4. Prefix caching is on by default

In V0 it was opt-in (--enable-prefix-caching). In V1 it’s a core scheduler assumption: every request hits the prefix cache; cache miss is the slow path. This drives the design of the new KVCacheManager (see docs/design/prefix_caching.md).

5. `torch.compile` is default-on

The team commits to TorchInductor as the model graph compiler. Per docs/design/torch_compile.md, V1 compiles each model with torch.compile, drives CUDA graphs through Inductor partitions, and uses compile-time fusion passes (RMSNorm+quant, RoPE+QKnorm, etc.) instead of hand-fused kernels. This is the bet that pays off in Chapter 060 (more fusions), Chapter 070 (multimodal compile), and Chapter 080 (vLLM IR replacing custom ops).

6. `LLM.sleep` / `LLM.wake_up` / `LLM.collective_rpc` for RLHF

(#12361, #12084, #12284) Lets a training framework pause the engine, swap weights in via NCCL, and resume — without tearing the process down. This is what makes vLLM the de-facto rollout engine for RLHF (TRL, OpenRLHF, etc.). See AGENTS.md note: the project explicitly invests in “RLHF-friendly” features in this era.

7. The DeepSeek-V3 / R1 wave forces MLA + EP/DP through V1 (Feb–Mar 2025)

DeepSeek-V3 dropped at the end of 2024 and DeepSeek-R1 in early 2025. Both:

Use Multi-head Latent Attention (MLA), which has a very different KV-cache shape from MHA/GQA (compressed latents projected up per-head).
Are MoE with hundreds of experts → benefit massively from expert parallelism (EP) and DP-attention.
Want MTP (multi-token prediction) for spec decode.

The team races to support all of this on V1, not on V0. Releases v0.7.x and v0.8.0 read like a single sustained DeepSeek-V3 enablement push: FlashMLA, MLA + chunked prefill (#12639), MLA on V1 (#13789 etc.), EP support (#12583), enable_expert_parallel (#14305), EP/TP MoE + DP attention (#13931), MTP (#13626). These features land on V1 because V1’s data structures (per-layer KV manager, pluggable attention backend, stateless process group) made them tractable. See docs/design/hybrid_kv_cache_manager.md.

Q&A — seeds for an interactive review

Why move to a multi-process architecture? Doesn’t ZMQ add latency? ZMQ adds microseconds; Python’s GIL on the API server adds milliseconds at serving load. Splitting frees the API server’s event loop from the engine’s hot path, lets the engine run a tight C++/CUDA-bound busy loop, and makes data-parallelism a first-class concept (one engine core per DP rank). The latency cost is paid once per request boundary, not per step.

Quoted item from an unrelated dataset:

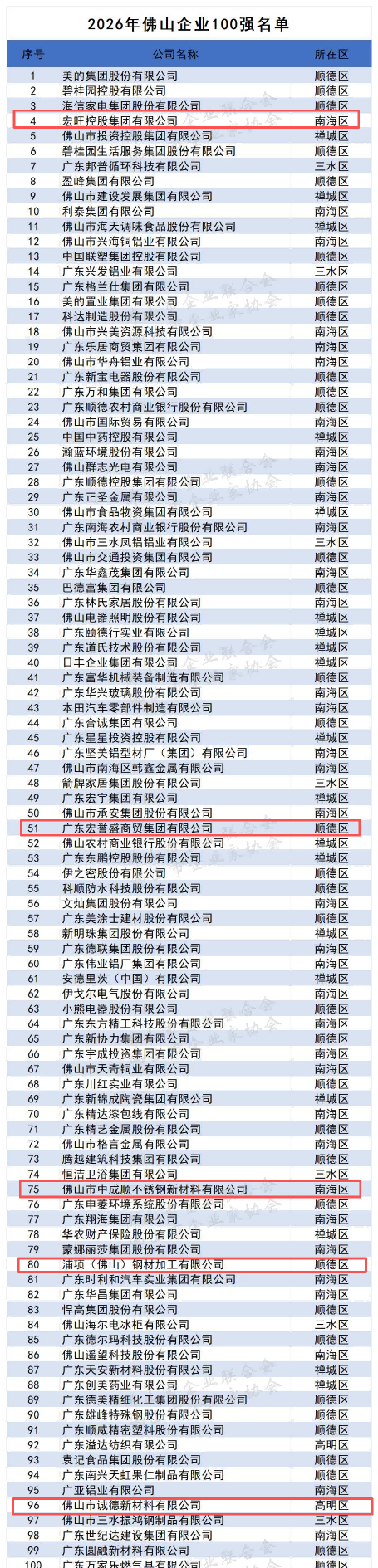 云顶国际yd333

Why is the API server count auto-scaled to DP size? If you have 4 DP engine cores and 1 API server, the API server becomes the bottleneck under high QPS — exactly the failure mode V0 had. Scaling it to match means routing throughput grows with engine throughput. The flag --api-server-count exists for users who want to override.

Why is torch.compile opt-out by default in V1 instead of opt-in? Because every other architectural decision assumes the model goes through compile (graph-level fusions, CUDA graph partitioning, custom-op replacement, piecewise compilation for spec-decode). Making it opt-in would mean every kernel-fusion code path needs an “and also do this manually” branch. RFC #16501 makes this explicit (“vLLM x torch.compile caching should be opt-out by default”).

What did V1 give up? Beam search (now emulated externally), some V0-only model implementations (SupportsV0Only protocol — explicitly so the team could ship V1 without waiting for every model), and a long tail of V0-only features (some sampler options, structured output paths, etc.) that get re-added incrementally in v0.7.x and v0.8.x. The release notes for v0.7.0 list each one.

Why was DeepSeek-V3 enablement done on V1 and not V0? Because MLA’s KV layout doesn’t fit V0’s BlockSpaceManager cleanly — V0’s block layout is fundamentally MHA/GQA-shaped. V1’s KVCacheManager was designed with per-layer cache types as a first-class concept (RFC mentions “regular KV cache, Mamba cache, encoder cache” in its goals), so MLA fits naturally. This is also why hybrid SSM/Attention models (Jamba, Mamba, Qwen3-Next) only really work in V1.